Mickey Mikitani at desk.jpg

Japanese group Rakuten is transforming itself into a vendor as well as an operator with an agreed bid for Altiostar, valuing the vendor at US$1 billion.

The company, which runs Japan’s open, virtualised 4G and 5G service Rakuten Networks, says the combination will “accelerate deployment of software-centric, virtualised services for the mobile industry across the globe”.

Rakuten Group CEO Mickey Mikitani (pictured) said: “We’re entering a new era where mobile network operators can choose how to build and deploy a network by working with the world’s most innovative software companies to create open and interoperable solutions.”

Rakuten has been an investor in Altiostar for two years, when its initial investment needed approval by the Committee on Foreign Investment in the United States.
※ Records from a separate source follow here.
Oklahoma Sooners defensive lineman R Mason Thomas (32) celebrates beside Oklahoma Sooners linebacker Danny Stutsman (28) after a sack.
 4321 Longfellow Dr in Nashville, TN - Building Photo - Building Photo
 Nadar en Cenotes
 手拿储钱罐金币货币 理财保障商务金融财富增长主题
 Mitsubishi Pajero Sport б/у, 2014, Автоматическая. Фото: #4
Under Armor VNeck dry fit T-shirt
Last year Indian services company Tech Mahindra sold its stake in Altiostar to Rakuten for $45 million.

Rakuten CTO Tareq Amin and Rakuten Mobile president Yoshihisa Yamada have been on the Altiostar board since the 2019 investment.

The move indicates that Rakuten is positioning itself at the technological centre of the rapid acceptance of open radio access networks (open RAN or O RAN) in the mobile industry.
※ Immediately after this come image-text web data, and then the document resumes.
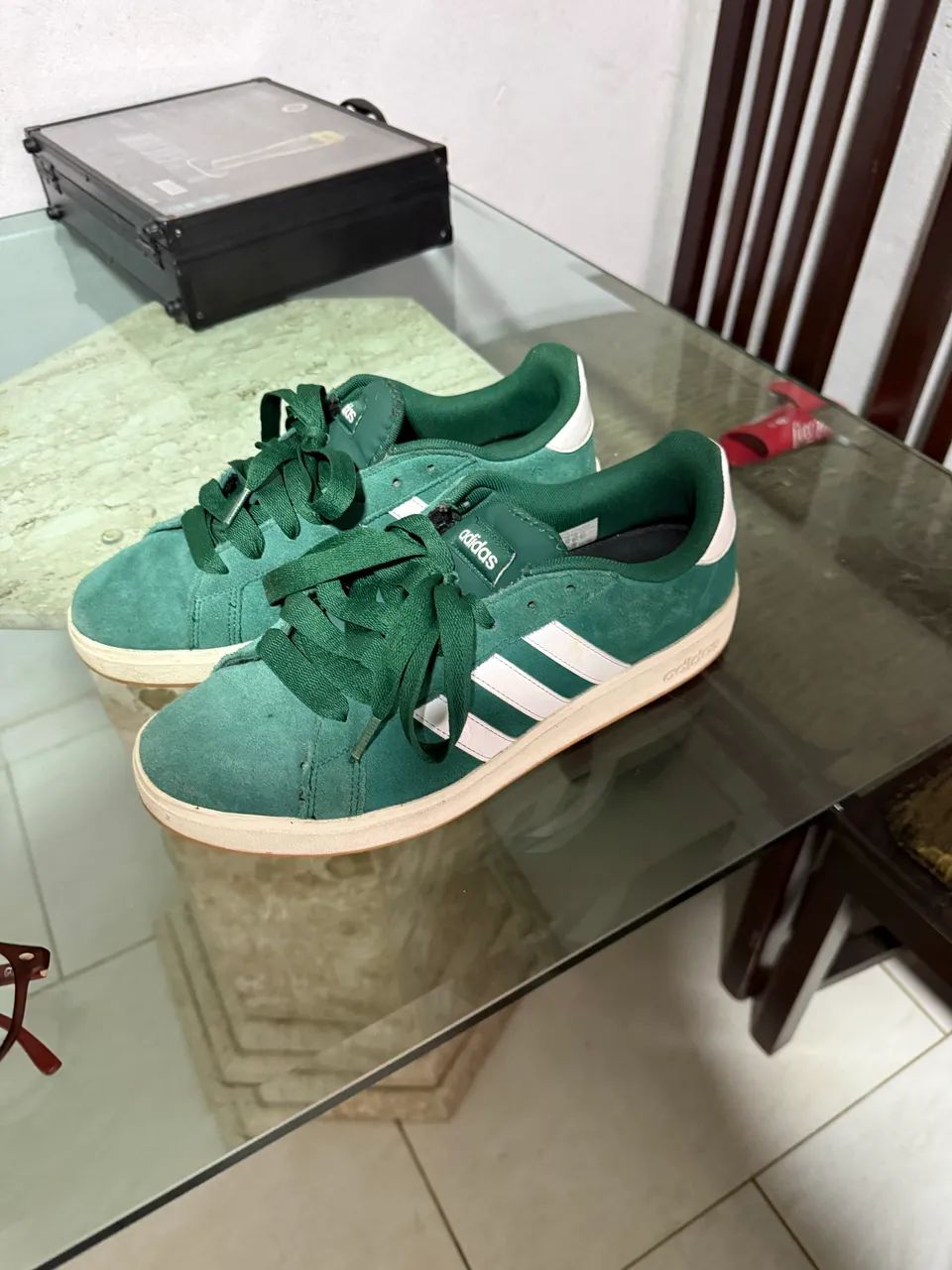 Tênis adidas 43 camurça original, perfume assad latafa, cheio, e relógio oriente original  - Foto 4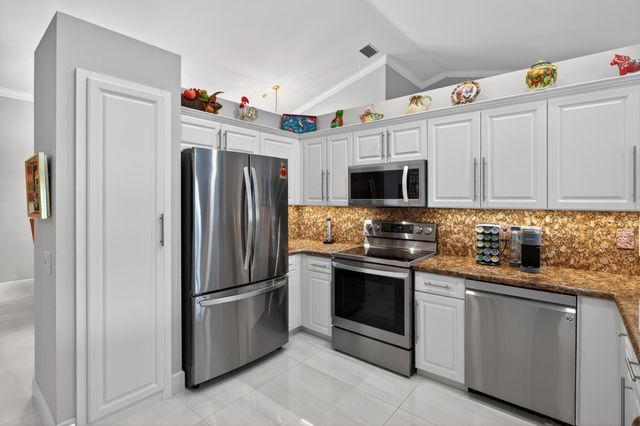 197 Cameron Drive, Weston, FL 33326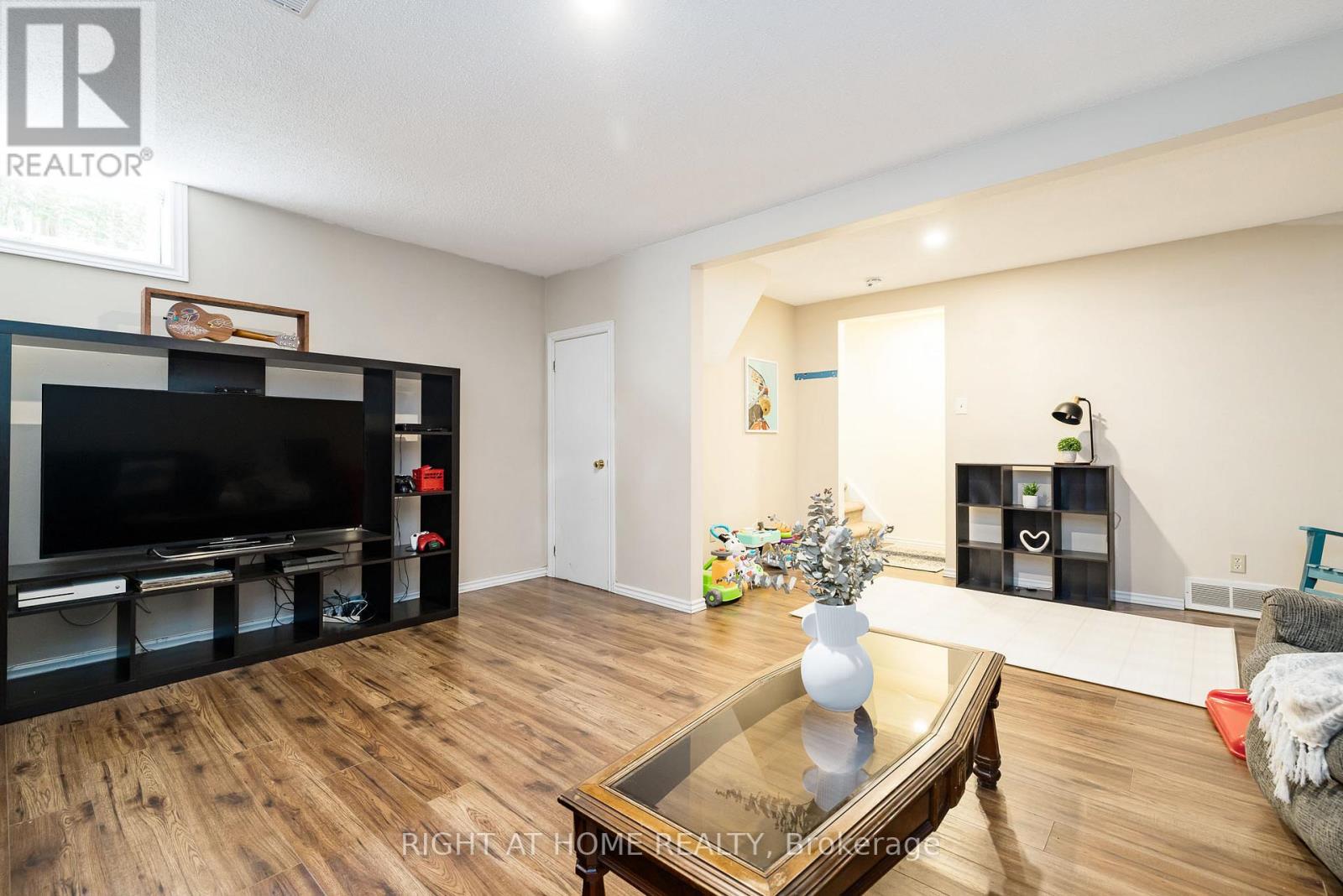 30 Berkshire Way, Ottawa, Ontario  K2J 2B2 - Photo 29 - X13492866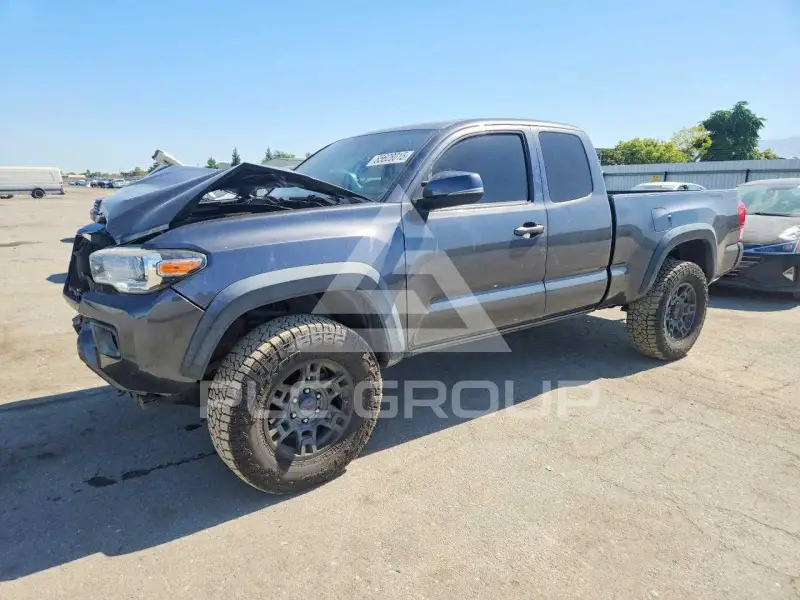 2017 Toyota TACOMA фото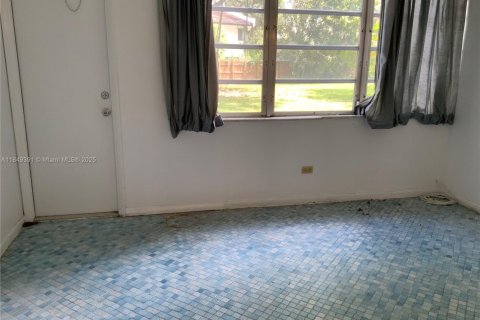 Condominio en alquiler en Miami, Florida, 1 dormitorio, 96.99 m2 № 1932400 - foto 14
Last year it started, in Japan, what it believes is the first 5G cloud-based open radio access networks, and this year it tied up with equipment supplier NEC to promote open RAN networks worldwide.
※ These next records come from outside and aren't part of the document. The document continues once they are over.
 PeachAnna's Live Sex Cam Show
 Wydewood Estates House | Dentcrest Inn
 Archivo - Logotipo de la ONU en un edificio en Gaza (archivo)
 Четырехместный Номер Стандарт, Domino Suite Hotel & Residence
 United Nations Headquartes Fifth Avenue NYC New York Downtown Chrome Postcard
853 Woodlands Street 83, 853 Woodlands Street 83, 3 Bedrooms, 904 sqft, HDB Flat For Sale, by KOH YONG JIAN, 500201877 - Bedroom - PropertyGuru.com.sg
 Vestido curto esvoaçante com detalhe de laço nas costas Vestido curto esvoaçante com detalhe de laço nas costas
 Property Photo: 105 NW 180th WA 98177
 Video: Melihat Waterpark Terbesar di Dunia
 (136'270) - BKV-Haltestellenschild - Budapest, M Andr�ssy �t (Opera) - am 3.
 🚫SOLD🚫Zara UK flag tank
Two months ago African operator MTN announced that Altiostar would be one of its vendors in a move to open RAN technology.

Mikitani said today: “We’re delighted to welcome the Altiostar team to the Rakuten family as we share a common passion for empowering mobile networks through disruptive innovation, offering mobile operators around the world secure, cost-effective and highly agile technology.”

Ashraf Dahod, CEO of Altiostar Networks, welcomed the move. “Open RAN architecture and virtualisation are key to building software-centric networks that can scale and adapt to meet an explosion of devices and applications driving service velocity and profits,” he said.

“Becoming a Rakuten group company will allow us to build on our foundation and accelerate our technology development to help operators to innovate, explore new business models and bring affordable broadband to the masses through web-scale mobile networks.”

Dahod will continue as CEO of Altiostaar, as well as assume what Rakuten calls a key role in the Rakuten Communications Platform, which the operator describes as “a fully virtualised, cloud-native telco platform which allows customers to easily and quickly build secure and open mobile networks at lower cost”.